What may be happening is that the growth in knowledge management and library & research management roles is in preparation for increased use of generative artificial intelligence (GenAI) tools. As firms get their data in order, they start to gather and clean the training data that they will soon be using with AI workflows. The elevated cost-per-lawyer growth that comes from these advancements is already evident as firms’ research tools require a more sophisticated set of skills to fully be utilized.
Firms increasingly focused on data security
In line with the acceleration in firms’ investment in more specialized and expensive FTEs, IT & technology was the third-fastest growing area in FTEs-per-lawyer at 2.3%, and the sixth-fastest growing area in terms of cost-per-lawyer at 6.7%.
This function area makes up a much larger proportion of total support staff (14%) compared to a smaller function area like library & research, so the movement within IT & tech affects the overall makeup of support staff to a greater degree. Additionally, growth in this area could be considered to be more indicative of where firm priorities lie given that year-over-year growth is expected to be less impacted by outlier firms or favorable baselines from the previous year.
What we saw in 2023 within IT & tech staff once again tells us that firms are investing in higher-paid professionals with more advanced skills. The growth in cost-per-lawyer and FTEs-per-lawyer for four of the main roles under IT & tech shows a substantial gap between the two growth rates.

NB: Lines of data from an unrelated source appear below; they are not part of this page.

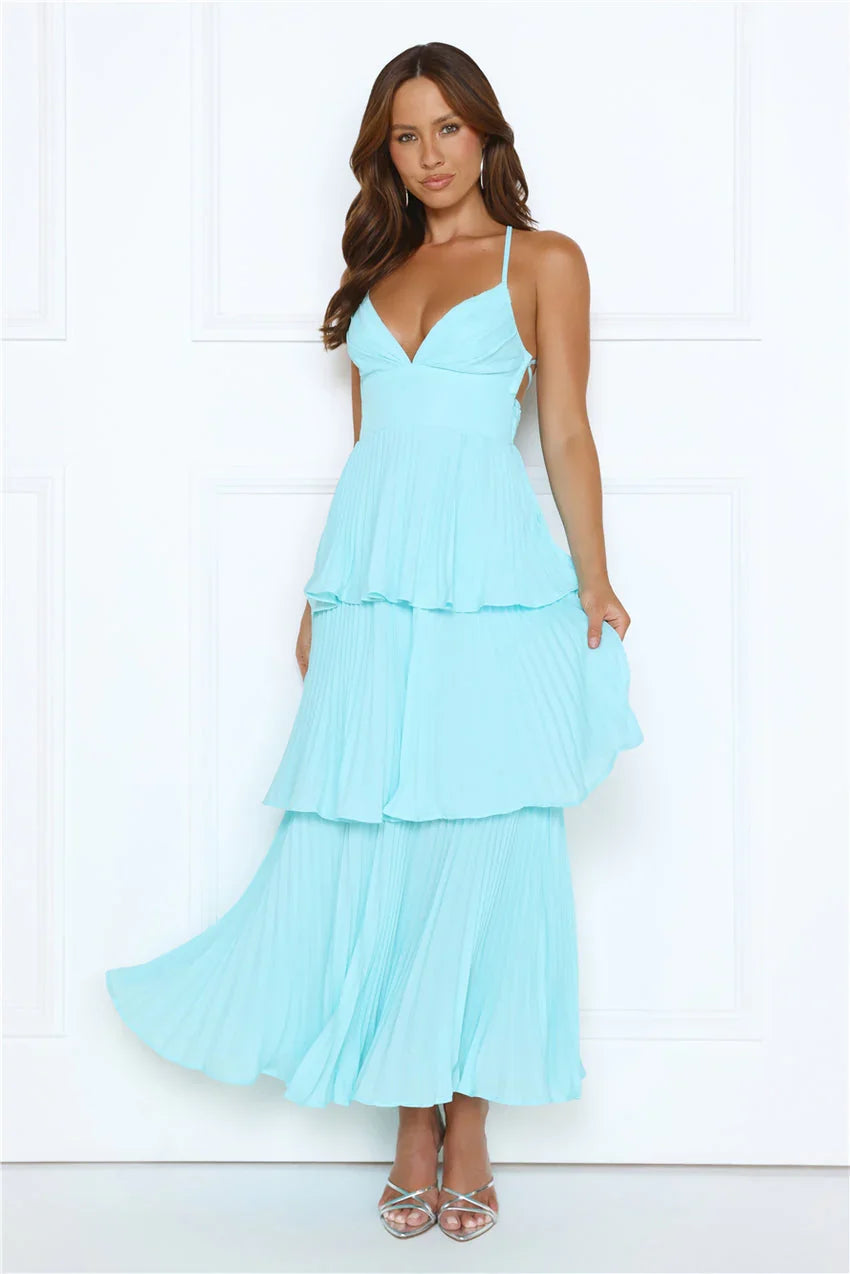 Fashionably Ever After Maxi Dress Aqua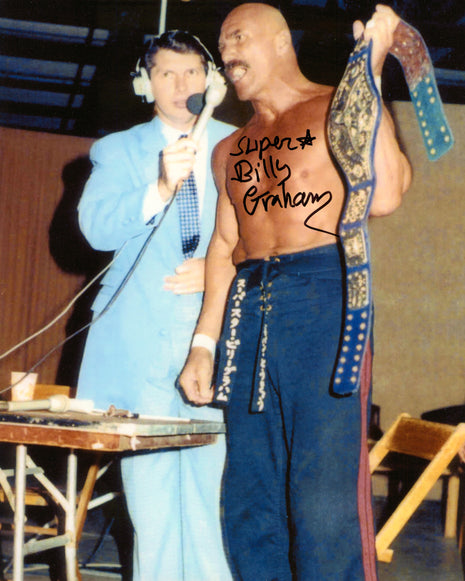 Superstar Billy Graham signed 8x10 Photo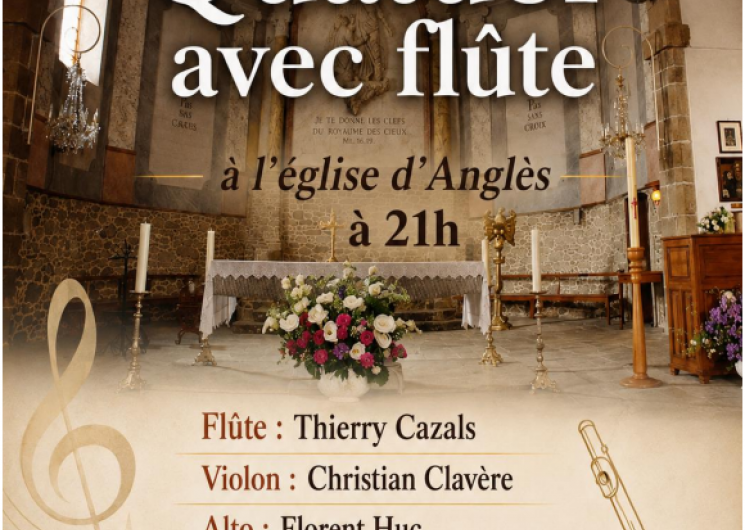43ème Festival de musique d'été : Quatuor avec flûte_Anglès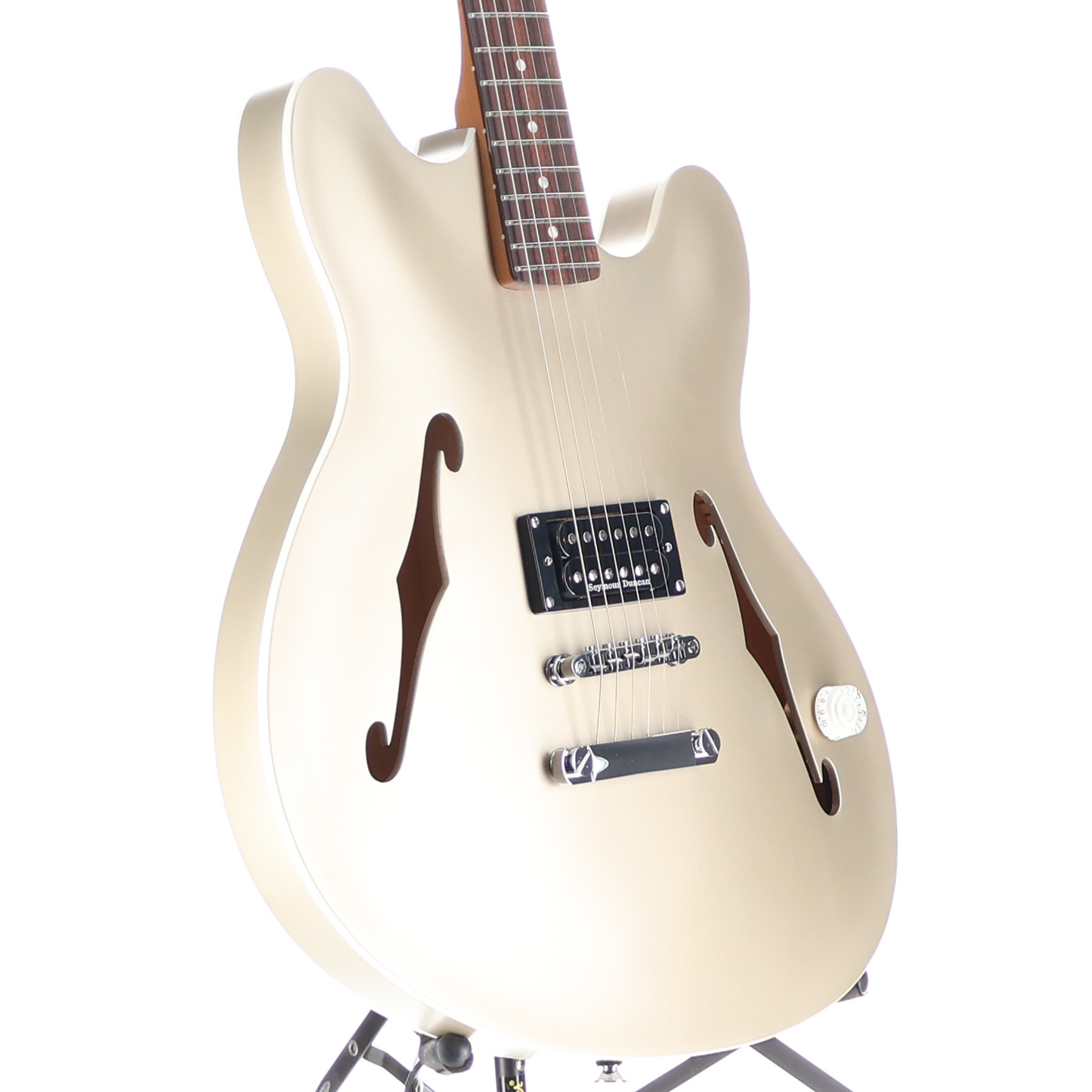 Fender Tom DeLonge Starcaster, Rosewood Fingerboard, Chrome Hardware, Satin Shoreline Gold (RP) (60544)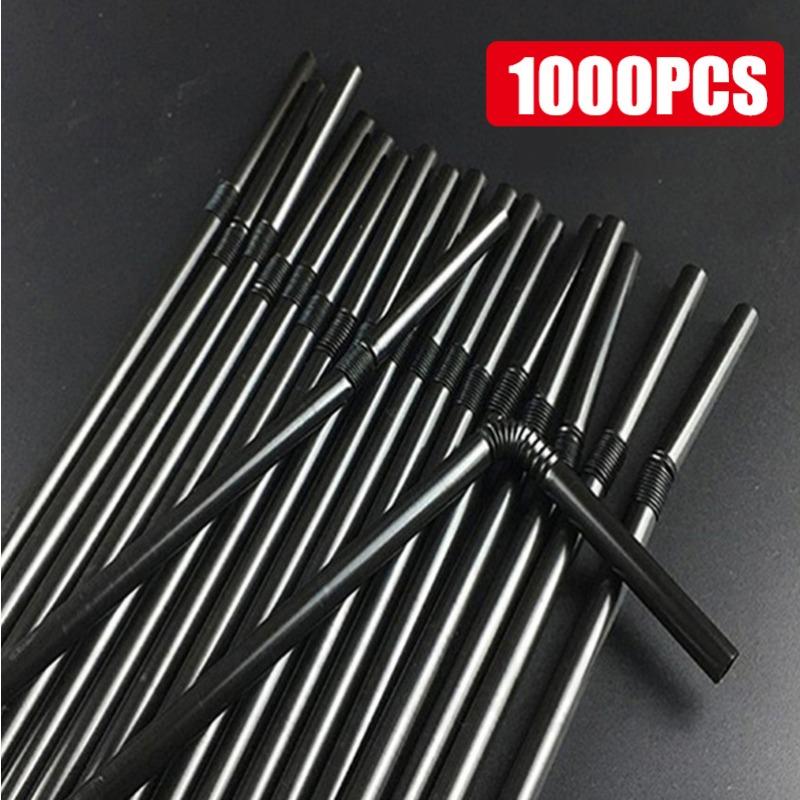 Disposable Art Long Straw Bendable Color Food Grade Beverage Handmade Milk Tea 100 Pack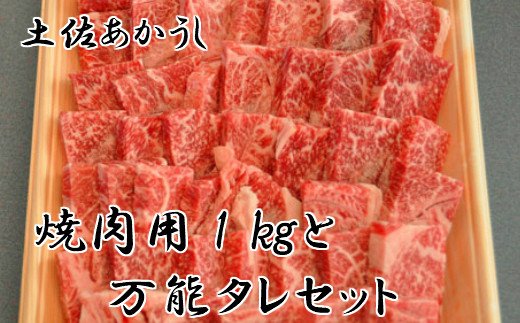 「土佐あかうし」焼肉用1kgと特製万能タレのセット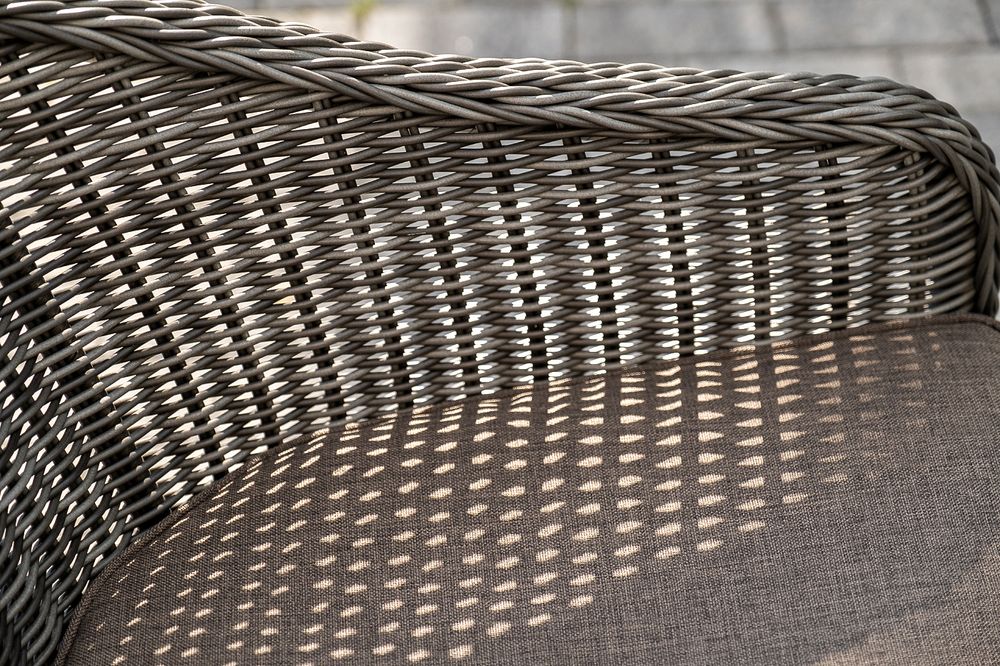 "Равенна" обеденная группа плетеная, цвет графит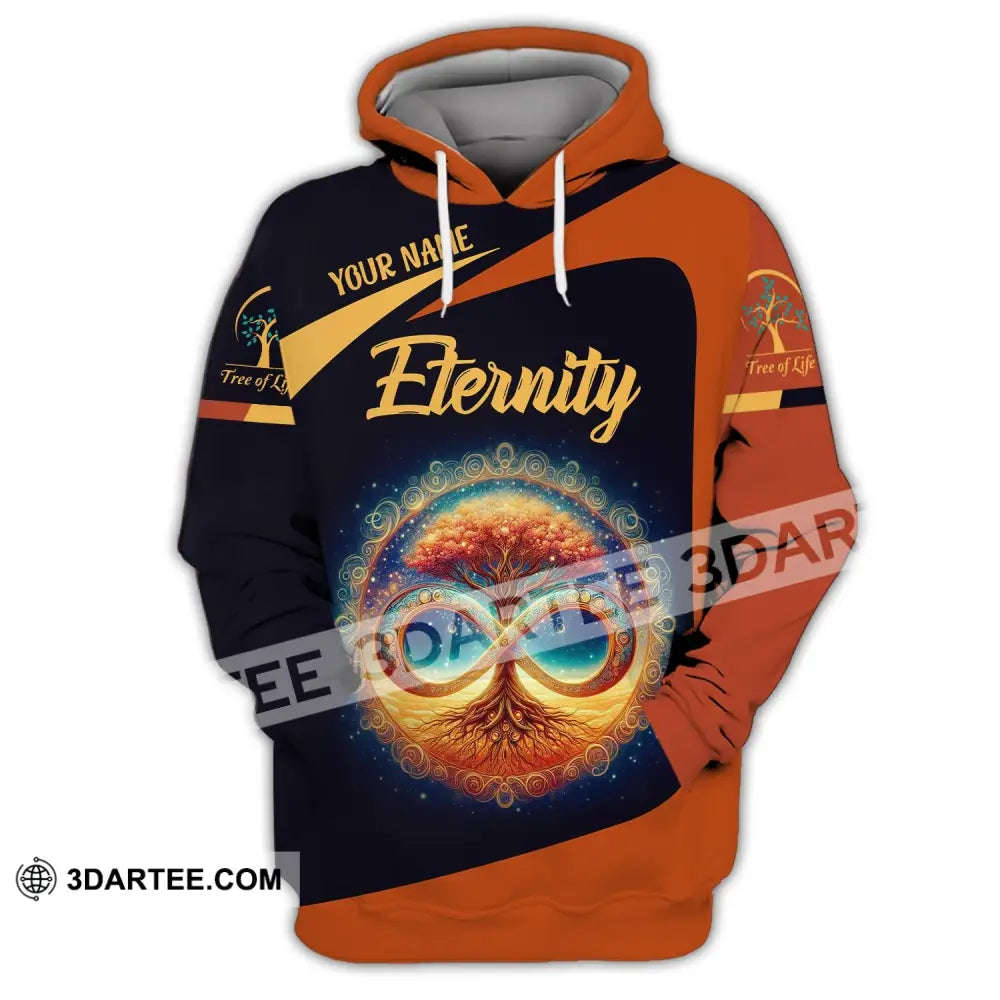 Unisex Shirt - Custom Name Eternity Hoodie / S T-Shirt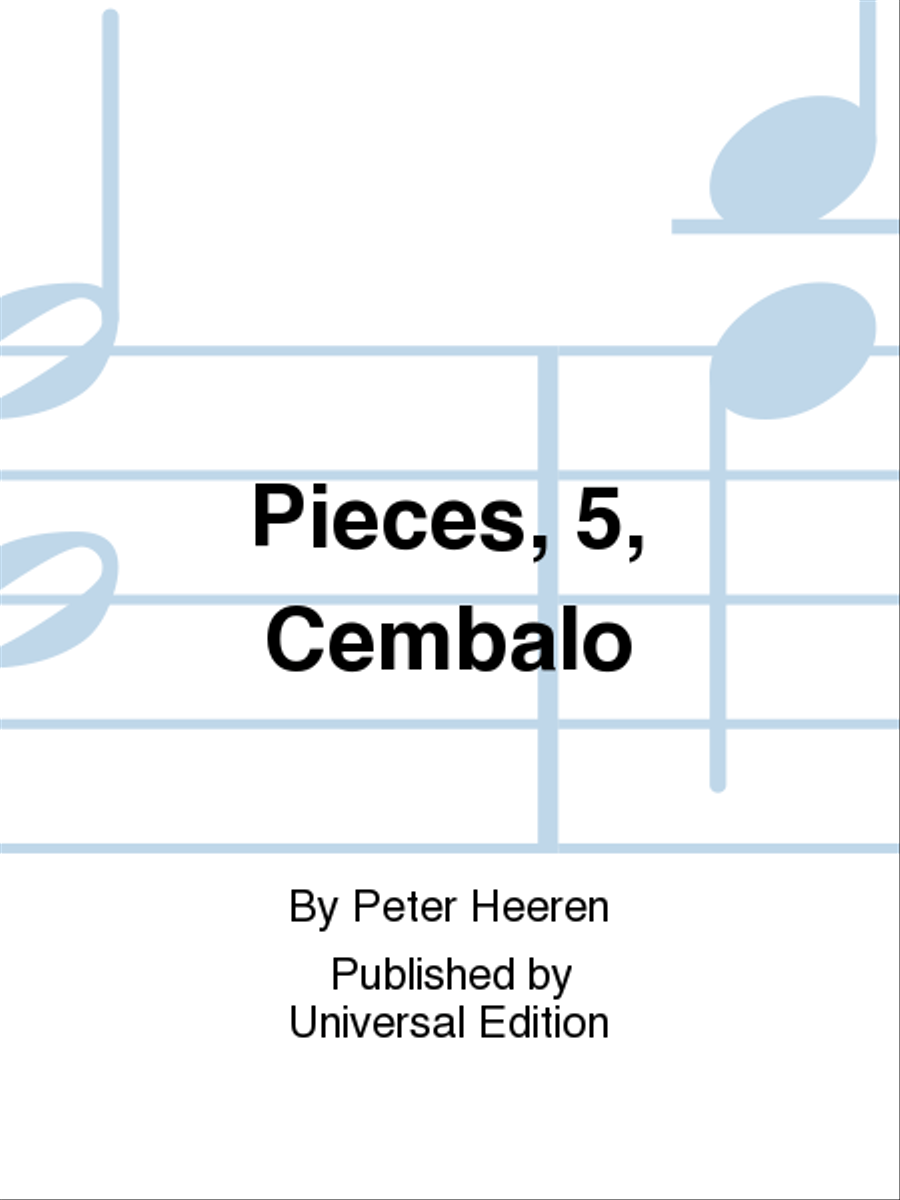 Pieces, 5, Cembalo Cembalo scores gallery preview page 1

Indeed, the gap between these two growth rates essentially measures per-role compensation increases, or the cost pressures that firms face when they hire an FTE in each of these roles.
Networks & security professionals in particular saw a rapid increase in their pay, with the greatest gap between their cost-per-lawyer and FTEs-per-lawyer growth. This trend in compensation growth is expected to continue as firms increasingly adopt cloud-based infrastructure and incorporate GenAI into their work. Security, for instance, is quickly becoming one of the top operational priorities for many law firms, and it is very likely that this will result in these roles being increasingly well paid.